I have a function which gets parameter as Distringuished name of a group and returns the nested groups or groups within a given group using SearchRequest query and SearchResponse. The code works fine when I use DirectoryEntry but failed when I use LdapConnection class. It is necessary to work with LdapConnection class.

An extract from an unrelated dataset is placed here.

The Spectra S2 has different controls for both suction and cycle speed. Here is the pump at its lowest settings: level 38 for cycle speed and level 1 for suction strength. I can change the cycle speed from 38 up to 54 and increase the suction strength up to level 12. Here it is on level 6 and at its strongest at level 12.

Please find below the code snippet:
public static void GetNestedGroups(string strGroupDN)
{
var _currentDomainofLoggedinUser = Domain.GetComputerDomain();
var currentDomainofLoggedinUser = Domain.GetComputerDomain();
var currentDomainController = currentDomainofLoggedinUser.FindDomainController(); //Gets the current Domain controller
var domainName = System.Net.NetworkInformation.IPGlobalProperties.GetIPGlobalProperties().DomainName;
string strPath = "LDAP://" + currentDomainController.Name; //Gets the current domain controller name
AppDomain.CurrentDomain.SetPrincipalPolicy(PrincipalPolicy.WindowsPrincipal);
using (LdapConnection ldap = new LdapConnection(new LdapDirectoryIdentifier(domainName, 636)))
{
ldap.AuthType = AuthType.Basic;
ldap.SessionOptions.SecureSocketLayer = false;
var s = new SecureString();
NetworkCredential network = new NetworkCredential(WindowsIdentity.GetCurrent().Name, s);
string ldapSearchFilter = String.Format
("(&(memberOf={0})(objectClass=group))", strGroupDN);
NetworkCredential cred = CredentialCache.DefaultNetworkCredentials;
ldap.Bind(network);
string[] attributesToReturn = new string[] { "distinguishedName" };
SearchRequest searchRequest = new SearchRequest(strGroupDN, ldapSearchFilter, SearchScope.OneLevel, attributesToReturn);
searchRequest.DistinguishedName =
strGroupDN;
searchRequest.Filter = String.Format
("(&(memberOf={0})(objectClass=group))", strGroupDN);
SearchResponse response = (SearchResponse)ldap.SendRequest(searchRequest);
if (response != null && response.Entries.Count > 0)
{
SearchResultEntry obj = response.Entries[0];
var groupCount = ((System.Collections.CollectionBase)(obj.Attributes["memberOf"])).Count;
foreach (SearchResultEntry entry in response.Entries)
{
var groupName = entry.DistinguishedName;
_subGroupList.Add(groupName.ToString().Split('=')[1].Split(',')[0]);
GetNestedGroups(groupName);
}
}
}
}
In the response it doesn't give anything. (In case of DirectoryEntry, it does provide the result)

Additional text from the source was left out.